*Texto por Luiz Américo Camargo, crítico gastronômico e autor do livro Pão Nosso
Se juntarmos vários aficionados por comida numa roda de conversa, veremos muitas divergências de opinião. E alguns consensos – entre esses, possivelmente, a defesa de pontos como a sustentabilidade e a sazonalidade. A maioria acha legal. Porém, na prática, nem todos lidam bem com o último ponto, em particular. É comum confundir respeito à estação com mesmice.
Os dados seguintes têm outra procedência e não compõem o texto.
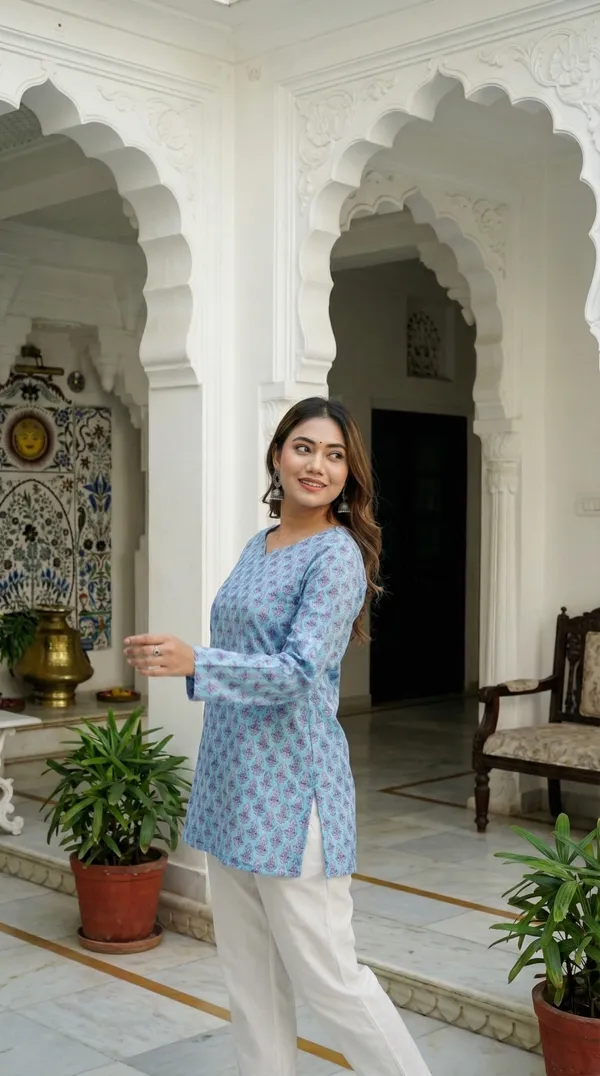 Light_Blue_Hand_Block_Printed_Pure_Cotton_Short_Kurti_For_Women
Vou dar exemplos. Mesmice é ver cada vez mais cozinheiros oferecendo barriga de porco, espaguete à carbonara e tiramisù. É ver o salmão como o único peixe destacado em numerosos menus (sendo que a produção do bicho, por seu caráter industrial, é cada vez mais questionada). É observar a multiplicação de hamburguerias, como se fosse o único modelo de negócio possível. É constatar que alguns pratos são replicados por puro comodismo.
A devoção à sazonalidade, por sua vez, tem a ver com ciclo da natureza. É valorizar um ingrediente que está no seu ápice anual, mais saboroso e mais abundante.
Se você for ao norte da Itália na estação da trufa, vai deparar com muitas casas explorando a matéria-prima. Se for à França, na temporada de caça, notará a predominância de pombos silvestres, galinholas e afins. Aqui, os comensais estranham. Querem sempre robalo, embora seja mês de, digamos, namorado.
Num recente jantar com amigos, um restaurante de que gosto muito estava usando e abusando (no bom sentido) do caqui. Na entrada, como guarnição de assados, na sobremesa. Os comentários, curiosamente, foram sobre a falta de imaginação do chef. Expliquei que o caqui estava no seu auge, o outono. Dei ainda o exemplo do pinhão: nas cidades mais frias, ele vira a estrela das cozinhas entre abril e julho, como deve ser.
Acho até que convenci a turma. Contudo, tenho a percepção de que a tal sazonalidade ainda está por ser entendida por aqui. Principalmente por aqueles que, dentro desse nosso país continental, se acostumaram a comer de tudo o ano todo, em cardápios com dezenas e dezenas de itens. Mas a gente chega lá.